En 15 ans, 100 décisions au Sénégal et 2000 au Bénin

 

Ce nombre, quoique faible, ''doit encore être revu à la baisse si l'on s‘intéresse au contenu des décisions puisque dans près d'une vingtaine décisions sur une centaine, le juge ne se prononce pas au fond'', d'après M. Fall qui renchérit : ''La plupart des recours sont déclarés irrecevables par le juge pour incompétence ou forclusion''. Et les raisons de cette incompétence tiennent à deux choses : ''La première est que dans l'exercice de son office, le Conseil constitutionnel se fonde pas sur une interprétation restrictive de sa mission qu'il circonscrit dans le cadre d‘une compétence d‘attribution bien définie par la Constitution et la loi organique sur le Conseil Constitutionnel.

 

La deuxième raison tient au fait que la juridiction constitutionnelle se retrouve souvent face à des requêtes vraiment fantaisistes émanant de personnes qui ne connaissent manifestement pas les textes qui organisent les attributions et le fonctionnement du Conseil''.

 

 

''Nette prédominance du contentieux électoral''

 

Selon, la répartition thématique des décisions, l'on note ''une nette prédominance du contentieux électoral avec une cinquantaine de décisions, soit la moitié de la totalité.
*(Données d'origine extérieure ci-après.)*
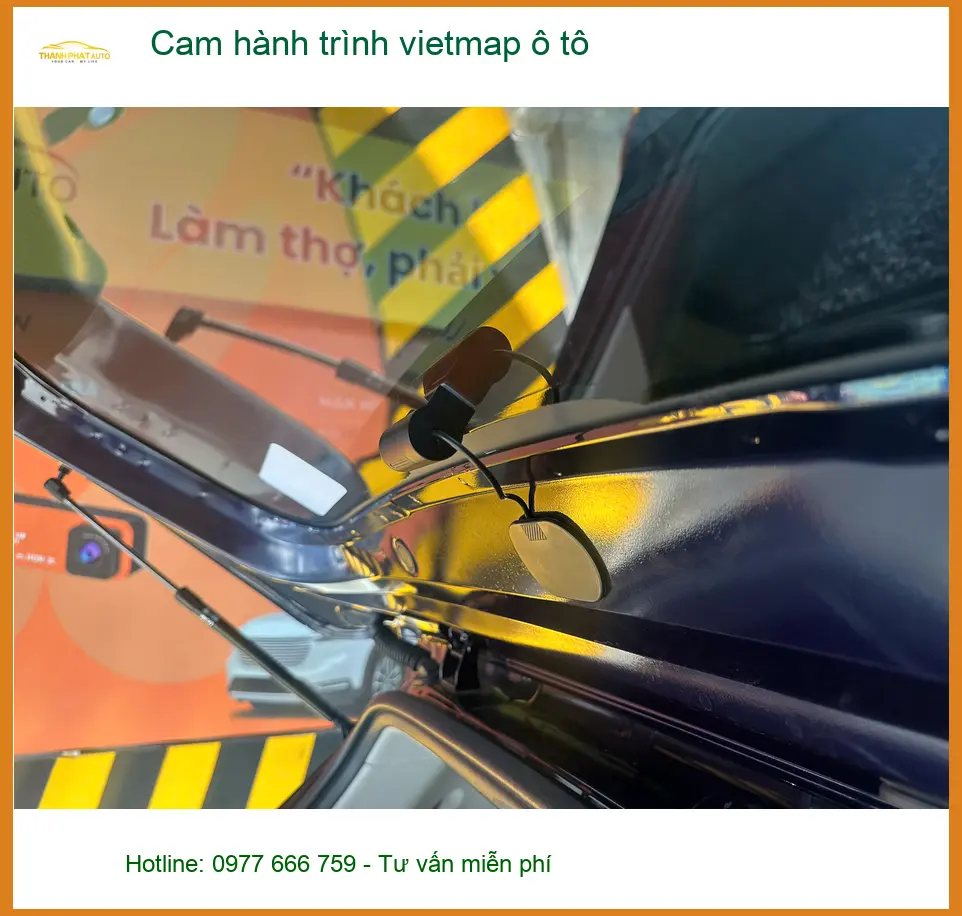 Anh Quang Vinh lắp Cam hành trình Vietmap ô tô cho Toyota Vios tại Cần Giờ ảnh thực tế 3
A cet égard, l'activité du Conseil est particulièrement dense en année électorale''.

 

Après le contentieux électoral arrive le contrôle de constitutionnalité des lois organiques avec plus d'une trentaine de décisions. ''Dans l'ordre d'importance, le contrôle des lois ordinaires par la voie du contrôle d'action arrive en troisième position avec une quinzaine de décisions.'', d'après l'étude.

 

 

''Briser le monopole présidentiel'' de nomination

 

Toutes choses qui font que le spécialiste en droit recommande une réforme de l'institution adossé sur ''le mode de désignation des membres'' dont il ''convient de briser le monopole présidentiel afin d'avoir plusieurs autorités ayant pouvoir de nommer les juges constitutionnels ou de faire directement désigner ceux-ci par les corporations desquelles ils émanent : magistrats désignés par le Conseil supérieur de la magistrature, avocats désignés par le Barreau, universitaires désignés par les Assemblées d'université, membres désignés par le Président, membres désignés par le Parlement''.

 

Sur le profil des membre de la juridiction, il plaide pour le renforcement ''des théoriciens du droit en général et du droit constitutionnel en particulier''. Et sur le mode de saisine, il convient ''d'élargir le droit de saisine du Conseil aux organisations de protection des droits humains et aux citoyens''.